Während Kühnel bei den Anschuldigungen, die Gebhardt gestern wie schon 2018 vor dem Untersuchungsausschuss des Landtags vortrug, vielfach lächelte, bezog er dann bei seiner Anhörung klar Position. So habe er weder den Auftrag zur Manipulation erteilt, noch Gebhardt erpresst. Er stritt jegliche Beteiligung am Wahlbetrug ab und begründete die „Dienste“, Wahlunterlagen auf Vorlage von Vollmachten im Rathaus abzuholen, mit „Verantwortung gegenüber den Mitgliedern“. „Ich war ihr Vertrauensmann bei der Wahl“, so Kühnel.

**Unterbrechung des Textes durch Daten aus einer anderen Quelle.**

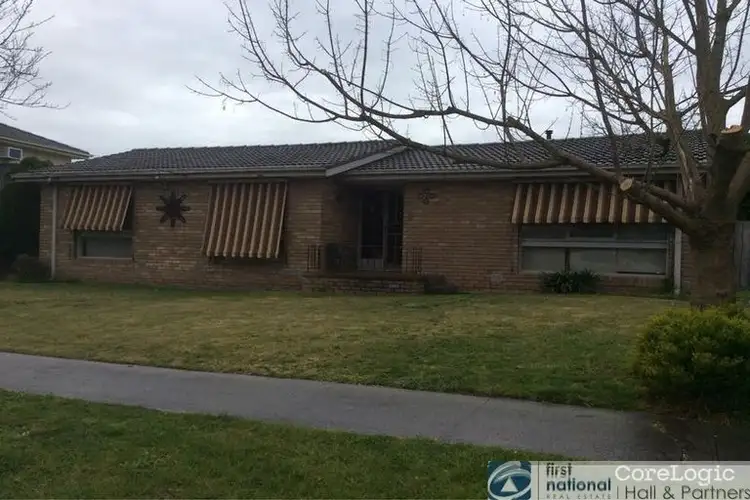 31 Templewood Avenue, Noble Park North VIC 3174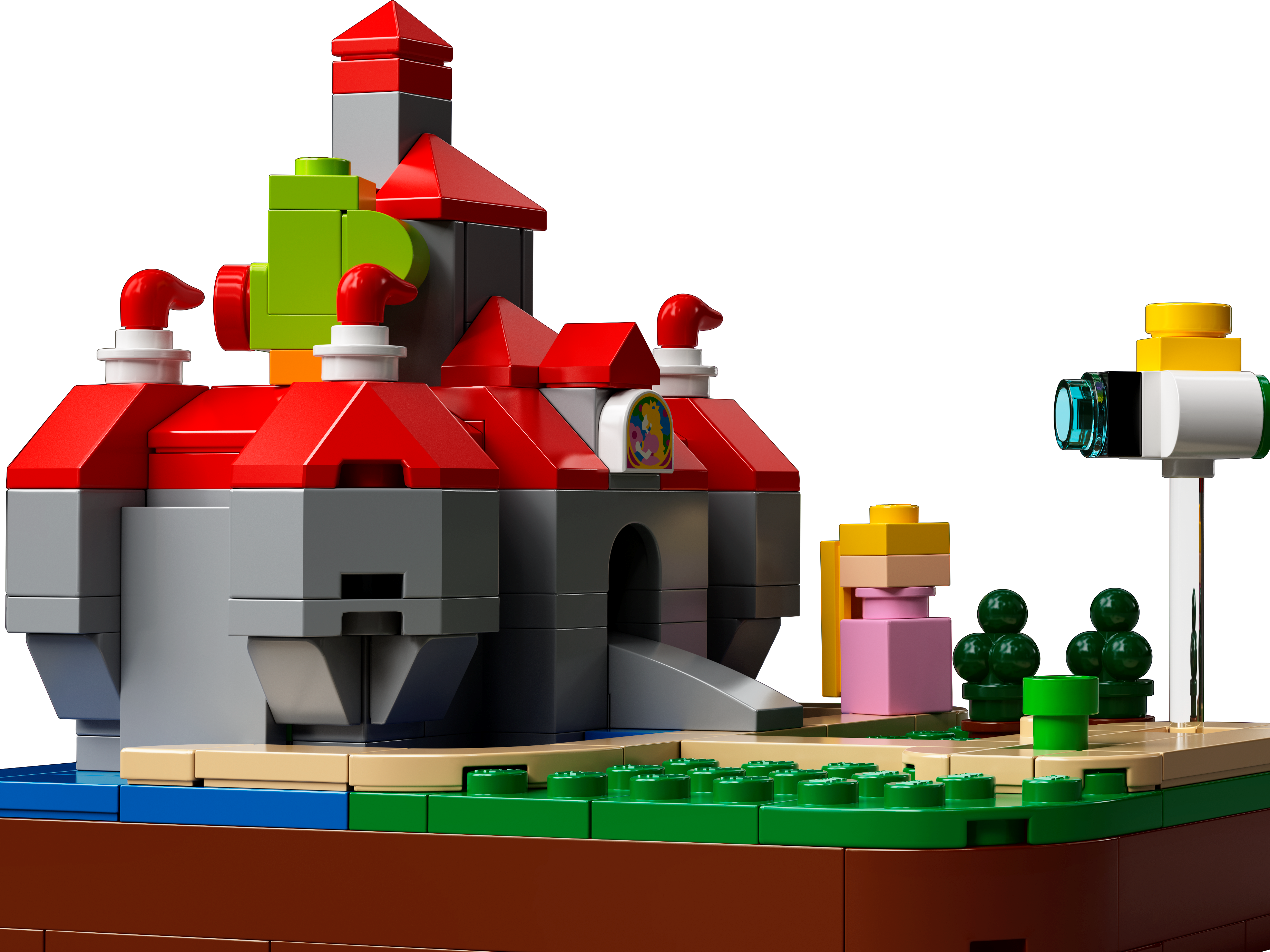 Fragezeichen-Block aus Super Mario 64™ 71395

Dass die „vertrauensvolle Zusammenarbeit“ von Gebhardt so missbraucht wurde, habe Kühnel enttäuscht. Von noch einer tieferen Enttäuschung, „der bislang schwersten meines Lebens“, sprach Hardy Peter Güssau. Der Landtagsabgeordente war als Zeuge geladen, um die Mittäterschaft von Kühnel aufzuklären. Güssau bekräftigte, nichts von dem Betrug gewusst zu haben. Bis zur Aufdeckung des Skandals im November 2014 habe er zu „seinem Freund“ gehalten.